1. A structure comprising:

a laminated body having a primary component of carbon fibers; and

metallic foils having a primary component of metal, the metallic foils being integrated with the laminated body by thermal compression bonding on a pair of surfaces of the laminated body opposite to each other in a direction of lamination of the laminated body, respectively, and

each of the metallic foils having a thickness thinner than a thickness of the laminated body.

2. The structure according to claim 1, wherein

the pair of surfaces of the laminated body is formed by molding a prepreg made of carbon fibers impregnated with resin.

3. The structure according to claim 2, wherein

the metallic foils are bonded to the resin over an entire surface of the pair of surfaces of the laminated body, respectively.

4. The structure according to claim 1, wherein

the laminated body is composed of a carbon fiber reinforced plastic (CFRP) member.

5. The structure according to claim 1, wherein

the metallic foils are integrated with the laminated body by thermal compression bonding under reduced pressure on the pair of surfaces of the laminated body, respectively.

6. The structure according to claim 1, wherein

the metallic foils are composed of any of copper, aluminum, titanium, and stainless steel, respectively.

7. The structure of according to claim 1, wherein

each of the metallic foils has a thickness in a range of micrometers.

8. A structure comprising:

a carbon fiber reinforced plastic member formed by laminating and molding prepregs each made of carbon fibers impregnated with resin; and

metallic foils having a primary component of metal, the metallic foils being bonded to the resin over an entire surface of the carbon fiber reinforced plastic member on a pair of surfaces of the carbon fiber reinforced plastic member opposite to each other in a direction of lamination of the prepregs, respectively, and

each of the metallic foils having a thickness thinner than a thickness of the carbon fiber reinforced plastic member.

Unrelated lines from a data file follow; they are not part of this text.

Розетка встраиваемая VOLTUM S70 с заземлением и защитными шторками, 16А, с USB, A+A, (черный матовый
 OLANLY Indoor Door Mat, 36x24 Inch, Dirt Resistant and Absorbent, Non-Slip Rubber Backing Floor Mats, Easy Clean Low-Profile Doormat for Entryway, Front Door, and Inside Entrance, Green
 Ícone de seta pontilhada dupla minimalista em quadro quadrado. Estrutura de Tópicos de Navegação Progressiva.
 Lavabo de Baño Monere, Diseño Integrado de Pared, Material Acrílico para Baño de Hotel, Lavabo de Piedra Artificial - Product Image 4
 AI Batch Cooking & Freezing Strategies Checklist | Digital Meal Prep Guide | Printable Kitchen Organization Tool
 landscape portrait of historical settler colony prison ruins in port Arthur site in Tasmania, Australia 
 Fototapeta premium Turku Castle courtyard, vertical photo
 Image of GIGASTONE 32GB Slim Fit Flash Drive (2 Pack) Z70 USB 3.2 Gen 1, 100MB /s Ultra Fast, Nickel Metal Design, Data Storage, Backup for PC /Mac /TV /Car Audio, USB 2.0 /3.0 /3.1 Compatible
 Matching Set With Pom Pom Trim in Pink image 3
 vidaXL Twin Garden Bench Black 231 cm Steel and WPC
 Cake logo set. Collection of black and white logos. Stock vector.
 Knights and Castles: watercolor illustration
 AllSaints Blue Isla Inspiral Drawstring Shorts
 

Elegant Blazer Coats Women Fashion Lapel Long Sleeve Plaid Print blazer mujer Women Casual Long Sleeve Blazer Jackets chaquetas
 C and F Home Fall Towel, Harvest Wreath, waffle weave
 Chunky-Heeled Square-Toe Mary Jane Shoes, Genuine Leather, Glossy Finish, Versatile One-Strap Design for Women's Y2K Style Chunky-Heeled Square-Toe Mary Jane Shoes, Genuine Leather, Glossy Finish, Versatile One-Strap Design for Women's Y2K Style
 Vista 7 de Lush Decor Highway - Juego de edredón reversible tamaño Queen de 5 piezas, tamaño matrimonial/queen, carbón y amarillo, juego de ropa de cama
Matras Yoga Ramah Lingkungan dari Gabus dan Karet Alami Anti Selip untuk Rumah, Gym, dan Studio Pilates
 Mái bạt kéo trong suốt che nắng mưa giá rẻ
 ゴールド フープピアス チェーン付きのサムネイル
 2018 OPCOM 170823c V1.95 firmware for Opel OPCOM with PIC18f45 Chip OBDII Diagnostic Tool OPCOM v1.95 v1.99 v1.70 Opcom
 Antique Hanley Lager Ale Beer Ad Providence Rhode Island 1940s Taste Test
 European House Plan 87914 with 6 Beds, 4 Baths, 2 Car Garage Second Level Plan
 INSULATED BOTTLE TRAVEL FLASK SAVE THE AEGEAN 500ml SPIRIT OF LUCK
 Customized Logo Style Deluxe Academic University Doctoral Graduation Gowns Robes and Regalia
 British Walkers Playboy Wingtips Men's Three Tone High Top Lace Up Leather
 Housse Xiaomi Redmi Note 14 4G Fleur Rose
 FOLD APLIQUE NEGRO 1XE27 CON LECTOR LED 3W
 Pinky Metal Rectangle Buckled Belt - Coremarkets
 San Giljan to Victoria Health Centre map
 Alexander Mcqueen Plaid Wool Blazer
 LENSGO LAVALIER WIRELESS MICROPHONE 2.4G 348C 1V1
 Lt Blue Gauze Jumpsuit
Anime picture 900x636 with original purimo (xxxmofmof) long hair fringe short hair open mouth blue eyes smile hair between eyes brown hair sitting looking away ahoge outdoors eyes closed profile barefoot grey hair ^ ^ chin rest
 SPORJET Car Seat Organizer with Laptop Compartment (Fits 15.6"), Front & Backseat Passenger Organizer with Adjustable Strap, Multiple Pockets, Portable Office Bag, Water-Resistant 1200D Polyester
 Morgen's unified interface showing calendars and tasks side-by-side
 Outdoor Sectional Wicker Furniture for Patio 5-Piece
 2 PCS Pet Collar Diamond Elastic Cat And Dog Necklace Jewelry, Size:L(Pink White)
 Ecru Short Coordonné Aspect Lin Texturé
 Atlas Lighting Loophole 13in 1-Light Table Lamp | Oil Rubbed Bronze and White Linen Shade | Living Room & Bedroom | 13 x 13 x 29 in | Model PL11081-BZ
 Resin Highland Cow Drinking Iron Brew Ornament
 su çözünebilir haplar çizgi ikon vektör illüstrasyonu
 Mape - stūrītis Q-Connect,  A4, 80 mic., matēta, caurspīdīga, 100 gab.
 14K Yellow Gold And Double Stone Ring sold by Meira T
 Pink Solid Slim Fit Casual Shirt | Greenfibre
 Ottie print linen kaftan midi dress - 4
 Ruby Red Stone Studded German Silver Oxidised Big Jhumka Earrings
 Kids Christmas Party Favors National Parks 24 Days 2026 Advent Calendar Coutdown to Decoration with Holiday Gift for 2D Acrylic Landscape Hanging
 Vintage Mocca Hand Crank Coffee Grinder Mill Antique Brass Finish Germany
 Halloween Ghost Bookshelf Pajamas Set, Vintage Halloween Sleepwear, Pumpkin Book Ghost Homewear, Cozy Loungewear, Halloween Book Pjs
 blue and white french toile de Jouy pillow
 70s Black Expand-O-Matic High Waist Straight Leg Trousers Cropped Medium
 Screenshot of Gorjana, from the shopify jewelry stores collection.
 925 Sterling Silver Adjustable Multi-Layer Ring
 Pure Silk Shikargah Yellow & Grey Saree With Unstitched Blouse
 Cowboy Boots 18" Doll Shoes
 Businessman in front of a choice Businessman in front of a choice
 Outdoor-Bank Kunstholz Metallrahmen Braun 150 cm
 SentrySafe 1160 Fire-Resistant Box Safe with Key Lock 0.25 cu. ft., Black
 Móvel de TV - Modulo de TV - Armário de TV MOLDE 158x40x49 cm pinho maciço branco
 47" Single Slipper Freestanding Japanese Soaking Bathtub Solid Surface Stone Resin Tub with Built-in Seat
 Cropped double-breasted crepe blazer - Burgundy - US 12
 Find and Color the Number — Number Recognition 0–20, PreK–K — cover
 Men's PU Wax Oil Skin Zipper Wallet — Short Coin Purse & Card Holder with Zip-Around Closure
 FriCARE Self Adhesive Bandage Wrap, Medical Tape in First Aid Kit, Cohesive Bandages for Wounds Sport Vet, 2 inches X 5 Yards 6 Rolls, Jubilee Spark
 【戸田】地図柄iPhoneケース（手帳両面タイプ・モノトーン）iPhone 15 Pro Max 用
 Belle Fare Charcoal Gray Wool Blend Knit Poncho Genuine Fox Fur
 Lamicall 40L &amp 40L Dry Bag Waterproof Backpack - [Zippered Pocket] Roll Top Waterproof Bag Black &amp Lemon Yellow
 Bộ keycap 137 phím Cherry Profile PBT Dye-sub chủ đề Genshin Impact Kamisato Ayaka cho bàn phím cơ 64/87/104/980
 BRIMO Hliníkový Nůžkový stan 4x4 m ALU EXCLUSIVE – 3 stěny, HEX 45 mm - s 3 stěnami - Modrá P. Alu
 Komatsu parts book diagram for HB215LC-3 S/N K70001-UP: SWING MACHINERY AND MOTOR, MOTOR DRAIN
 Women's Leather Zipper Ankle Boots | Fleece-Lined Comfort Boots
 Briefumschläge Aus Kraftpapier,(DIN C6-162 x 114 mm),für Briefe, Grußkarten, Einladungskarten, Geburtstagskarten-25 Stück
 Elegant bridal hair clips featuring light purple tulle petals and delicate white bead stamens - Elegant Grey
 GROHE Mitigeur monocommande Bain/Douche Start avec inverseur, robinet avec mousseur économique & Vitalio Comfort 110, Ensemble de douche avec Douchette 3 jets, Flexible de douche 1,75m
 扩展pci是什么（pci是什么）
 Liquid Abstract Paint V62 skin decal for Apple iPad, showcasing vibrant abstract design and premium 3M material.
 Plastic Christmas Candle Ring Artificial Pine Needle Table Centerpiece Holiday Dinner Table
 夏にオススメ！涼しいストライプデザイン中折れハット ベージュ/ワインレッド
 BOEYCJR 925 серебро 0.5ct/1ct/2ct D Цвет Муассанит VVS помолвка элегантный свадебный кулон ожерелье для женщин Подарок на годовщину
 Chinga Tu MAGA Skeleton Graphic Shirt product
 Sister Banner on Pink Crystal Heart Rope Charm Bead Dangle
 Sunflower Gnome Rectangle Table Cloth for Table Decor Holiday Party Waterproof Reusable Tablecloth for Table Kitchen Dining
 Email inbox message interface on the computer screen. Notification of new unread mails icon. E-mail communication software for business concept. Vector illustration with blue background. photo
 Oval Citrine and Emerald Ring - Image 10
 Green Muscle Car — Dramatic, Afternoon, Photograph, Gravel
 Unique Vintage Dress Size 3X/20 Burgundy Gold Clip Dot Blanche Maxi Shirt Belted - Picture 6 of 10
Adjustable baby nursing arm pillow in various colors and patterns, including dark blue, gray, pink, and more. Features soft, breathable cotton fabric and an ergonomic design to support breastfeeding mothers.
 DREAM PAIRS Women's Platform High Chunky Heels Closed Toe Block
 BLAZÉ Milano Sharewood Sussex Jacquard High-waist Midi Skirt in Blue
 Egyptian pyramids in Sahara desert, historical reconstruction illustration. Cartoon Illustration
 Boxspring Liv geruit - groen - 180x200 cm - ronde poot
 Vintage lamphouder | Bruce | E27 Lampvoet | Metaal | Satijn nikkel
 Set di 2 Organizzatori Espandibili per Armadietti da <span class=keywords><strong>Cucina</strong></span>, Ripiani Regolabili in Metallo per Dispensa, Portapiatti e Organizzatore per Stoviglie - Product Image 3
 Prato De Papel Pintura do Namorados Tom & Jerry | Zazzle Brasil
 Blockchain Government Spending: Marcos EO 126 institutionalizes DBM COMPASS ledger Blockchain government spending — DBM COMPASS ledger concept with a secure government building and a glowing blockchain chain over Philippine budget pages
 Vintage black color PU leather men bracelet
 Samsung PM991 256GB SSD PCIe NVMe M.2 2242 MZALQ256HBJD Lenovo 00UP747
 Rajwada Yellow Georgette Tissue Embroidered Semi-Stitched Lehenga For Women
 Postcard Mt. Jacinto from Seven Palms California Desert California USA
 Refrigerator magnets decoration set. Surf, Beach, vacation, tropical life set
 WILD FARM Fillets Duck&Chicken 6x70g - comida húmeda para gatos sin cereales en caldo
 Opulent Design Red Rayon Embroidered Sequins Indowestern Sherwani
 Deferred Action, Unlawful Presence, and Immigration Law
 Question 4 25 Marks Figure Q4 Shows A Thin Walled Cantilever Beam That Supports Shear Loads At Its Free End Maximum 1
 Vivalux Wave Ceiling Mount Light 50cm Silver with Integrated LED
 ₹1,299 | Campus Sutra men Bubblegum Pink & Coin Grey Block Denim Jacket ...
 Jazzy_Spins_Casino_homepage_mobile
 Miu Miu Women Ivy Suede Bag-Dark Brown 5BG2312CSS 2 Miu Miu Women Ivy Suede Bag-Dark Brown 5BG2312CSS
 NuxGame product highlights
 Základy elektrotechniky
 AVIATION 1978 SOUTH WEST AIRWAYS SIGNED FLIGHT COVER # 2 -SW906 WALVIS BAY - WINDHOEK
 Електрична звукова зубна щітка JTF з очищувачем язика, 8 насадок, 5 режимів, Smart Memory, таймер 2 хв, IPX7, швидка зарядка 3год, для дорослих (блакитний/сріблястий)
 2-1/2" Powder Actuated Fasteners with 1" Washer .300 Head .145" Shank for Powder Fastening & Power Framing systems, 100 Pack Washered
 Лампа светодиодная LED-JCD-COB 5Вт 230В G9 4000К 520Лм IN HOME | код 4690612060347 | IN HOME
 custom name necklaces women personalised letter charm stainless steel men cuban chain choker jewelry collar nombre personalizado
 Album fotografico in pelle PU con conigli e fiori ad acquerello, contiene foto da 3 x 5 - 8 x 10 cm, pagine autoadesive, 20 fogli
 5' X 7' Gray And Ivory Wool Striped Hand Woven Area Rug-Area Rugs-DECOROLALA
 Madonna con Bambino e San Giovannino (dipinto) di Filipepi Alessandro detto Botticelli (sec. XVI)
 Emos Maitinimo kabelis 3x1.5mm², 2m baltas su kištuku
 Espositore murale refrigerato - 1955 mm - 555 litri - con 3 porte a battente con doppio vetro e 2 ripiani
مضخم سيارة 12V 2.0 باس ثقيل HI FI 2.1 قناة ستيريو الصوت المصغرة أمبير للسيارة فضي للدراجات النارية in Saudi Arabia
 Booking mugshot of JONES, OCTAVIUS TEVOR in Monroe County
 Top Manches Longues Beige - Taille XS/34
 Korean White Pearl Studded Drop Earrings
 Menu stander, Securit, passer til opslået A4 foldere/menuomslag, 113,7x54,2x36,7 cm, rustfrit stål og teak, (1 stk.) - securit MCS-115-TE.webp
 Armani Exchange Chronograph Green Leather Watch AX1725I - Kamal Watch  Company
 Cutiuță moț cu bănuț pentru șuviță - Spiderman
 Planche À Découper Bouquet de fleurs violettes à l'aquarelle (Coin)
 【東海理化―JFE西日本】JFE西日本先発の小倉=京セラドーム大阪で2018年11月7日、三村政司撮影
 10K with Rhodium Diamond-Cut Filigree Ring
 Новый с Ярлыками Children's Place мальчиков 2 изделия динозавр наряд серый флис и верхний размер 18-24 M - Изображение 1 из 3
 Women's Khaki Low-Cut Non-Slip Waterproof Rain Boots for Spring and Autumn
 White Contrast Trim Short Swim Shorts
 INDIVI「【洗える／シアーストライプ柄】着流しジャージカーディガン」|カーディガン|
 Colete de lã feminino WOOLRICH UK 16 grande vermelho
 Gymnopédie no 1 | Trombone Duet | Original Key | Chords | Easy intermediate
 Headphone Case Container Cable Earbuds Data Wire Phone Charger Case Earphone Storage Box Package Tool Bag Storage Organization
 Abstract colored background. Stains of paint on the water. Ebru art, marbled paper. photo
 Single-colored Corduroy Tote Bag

9. A method of manufacturing a structure, comprising:

a first step of preparing a laminated body having a primary component of carbon fibers;

a second step of preparing metallic foils having a primary component of metal, the metallic foils each having a thickness thinner than a thickness of the laminated body; and

a third step of integrating the metallic foils with the laminated body by laminating the metallic foils on a pair of surfaces of the laminated body opposite to each other in a direction of lamination of the laminated body, respectively, and applying pressure to the metallic foils laminated on the laminated body while heating the metallic foils laminated on the laminated body.

10. A processing apparatus for processing a workpiece, comprising:

a frame configured to support a structural component of the processing apparatus, the frame including the structure according to claim 1.

11. A processing apparatus for processing a workpiece, comprising:

a frame configured to support a structural component of the processing apparatus, the frame including the structure according to claim 8.